34 women should remain silent in the churches. They are not allowed to speak, but must be in submission, as the Law says.Interestingly, the NIV84 (CEB, CEV, ESV, HCSB, NAB, NET, NJB and NRSV) makes 34a "women should remain silent in the churches" a part of the preceding statement in verse 33 (which in full reads: "For God is not a God of disorder but of peace. As in all the congregations of the saints,"). The KJV, NIV2011 (though see the footnote), NKJV, NLT, and TNIV read the last phrase of verse 33 with the first phrase and then end verse 33 with a period...thus separating 33 from 34. I personally prefer the reading of the latter.

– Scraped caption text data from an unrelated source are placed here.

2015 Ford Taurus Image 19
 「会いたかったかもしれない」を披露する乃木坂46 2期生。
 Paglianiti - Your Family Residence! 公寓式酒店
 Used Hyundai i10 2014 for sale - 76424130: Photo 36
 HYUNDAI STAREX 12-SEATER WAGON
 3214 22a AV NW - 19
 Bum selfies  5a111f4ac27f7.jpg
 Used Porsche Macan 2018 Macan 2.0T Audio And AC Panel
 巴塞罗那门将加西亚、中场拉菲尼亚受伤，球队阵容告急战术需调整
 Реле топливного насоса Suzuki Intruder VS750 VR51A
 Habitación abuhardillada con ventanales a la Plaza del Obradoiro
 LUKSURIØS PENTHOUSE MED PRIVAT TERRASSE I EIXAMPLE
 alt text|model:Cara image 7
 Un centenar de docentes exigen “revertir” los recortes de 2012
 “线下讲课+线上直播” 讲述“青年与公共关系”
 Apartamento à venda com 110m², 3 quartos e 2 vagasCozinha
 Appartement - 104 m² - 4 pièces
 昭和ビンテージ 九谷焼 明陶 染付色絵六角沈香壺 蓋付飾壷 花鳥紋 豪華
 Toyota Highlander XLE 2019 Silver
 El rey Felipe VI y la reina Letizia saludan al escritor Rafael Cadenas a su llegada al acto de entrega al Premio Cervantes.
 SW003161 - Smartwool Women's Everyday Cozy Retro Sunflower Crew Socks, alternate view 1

35 If they want to inquire about something, they should ask their own husbands at home; for it is disgraceful for a woman to speak in the church. (1 Cor.14:34-35 NIV84)
Also, how does one preach "women should remain silent in the churches"? I know the traditional explanations I've heard about women speaking up asking questions but being too far away from their husbands and thus disturbing the congregational meeting, but I find this utterly unsatisfactory on historical grounds for congregational settings. How does remaining "silent" relate to Paul's earlier instruction that women could publicly pray and prophecy (1 Cor.11:5, 13; 14:31)? I ended up essentially passing over this text with some comments about its questionable content and thus a need to not make doctrine of it in light of Gordon Fee's arguments (NICNT "The First Epistle to the Corinthians" Grand Rapids, MI: Eerdmans, 1987: pp.705-708) for verses 34-35 being an interpolation (since one of the issues is that in a number of manuscripts this text is placed completely after chapter 14 suggesting their was early question of the placement -- or authenticity???).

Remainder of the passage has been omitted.